As a retired investor I continually analyze my portfolio and look for ways to balance risk vs. returns. One thing that many investors might ignore in their portfolio balance is their $800,000 – $1,400,000 bond. It’s called Social Security.
Investors should value their Social Security benefits as a bond in determining their portfolio mix. I’ll give you a way to determine what your Social Security is worth. You might have decided that at your age you want a 50/50 split between equities vs. fixed income (bonds, CD’s etc.) So, how much is my Social Security really worth?
Today if you are 66 years old, plan on delating your Social Security until age 70 (which I highly recommend), have a spouse who will take “spousal benefits” at age 66 your Social Security the maximum payment you’ll get at age 70 (both spouses) is $58,600. This assumes a very modest 2% annual inflation adjustment rate.
Therefore, what size bond do you have if your annual distribution is $58,600? Well that depends on the interest rate of the bond. Let’s look at some examples:
Annual Distribution = $58,600
Bond Rate Value of Bond
7% $837,143
6% $976,667
5% $1,172,000
4% $1,465,000
Today a bond paying 7% is probably “junk” rates and very risky, although a few years ago these bonds could have easily been AAA+ rated.

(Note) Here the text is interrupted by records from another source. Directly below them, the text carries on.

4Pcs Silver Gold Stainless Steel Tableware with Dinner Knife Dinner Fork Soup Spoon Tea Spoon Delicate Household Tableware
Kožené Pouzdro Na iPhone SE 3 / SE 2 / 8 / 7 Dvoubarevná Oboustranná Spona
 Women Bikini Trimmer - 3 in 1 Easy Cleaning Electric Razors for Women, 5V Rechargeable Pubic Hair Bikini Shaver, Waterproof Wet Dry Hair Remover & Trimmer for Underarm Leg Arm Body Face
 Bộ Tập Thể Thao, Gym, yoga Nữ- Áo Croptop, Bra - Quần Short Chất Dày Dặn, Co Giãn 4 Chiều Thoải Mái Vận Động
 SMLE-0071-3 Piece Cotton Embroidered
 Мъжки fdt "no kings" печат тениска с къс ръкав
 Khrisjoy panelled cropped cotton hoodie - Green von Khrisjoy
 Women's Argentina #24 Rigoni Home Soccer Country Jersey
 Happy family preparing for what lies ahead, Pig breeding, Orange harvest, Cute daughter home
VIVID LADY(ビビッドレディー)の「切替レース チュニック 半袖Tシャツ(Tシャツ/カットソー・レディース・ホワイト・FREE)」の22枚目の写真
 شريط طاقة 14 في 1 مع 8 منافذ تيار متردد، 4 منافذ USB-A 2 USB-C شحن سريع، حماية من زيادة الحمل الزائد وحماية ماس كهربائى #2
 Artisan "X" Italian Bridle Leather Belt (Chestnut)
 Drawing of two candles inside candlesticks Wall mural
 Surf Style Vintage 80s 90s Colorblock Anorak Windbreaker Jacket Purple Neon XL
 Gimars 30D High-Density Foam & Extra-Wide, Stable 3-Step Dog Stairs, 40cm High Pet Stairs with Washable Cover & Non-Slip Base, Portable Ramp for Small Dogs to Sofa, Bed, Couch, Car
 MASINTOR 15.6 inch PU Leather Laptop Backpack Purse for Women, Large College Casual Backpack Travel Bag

So, my point is that if you look at your Social Security as a “bond”, in your investment mix you might decide to allocate almost all of your other investments into equities, depending on the size of your total portfolio.
My current recommendation is to stay almost 100% in equities until the Fed raises interest rates and you can get either a 30 year Gov’t bond or a AAA corporate bond at 5 -7 % and then start to ladder into a bond mix. In the meantime, stay out of bonds.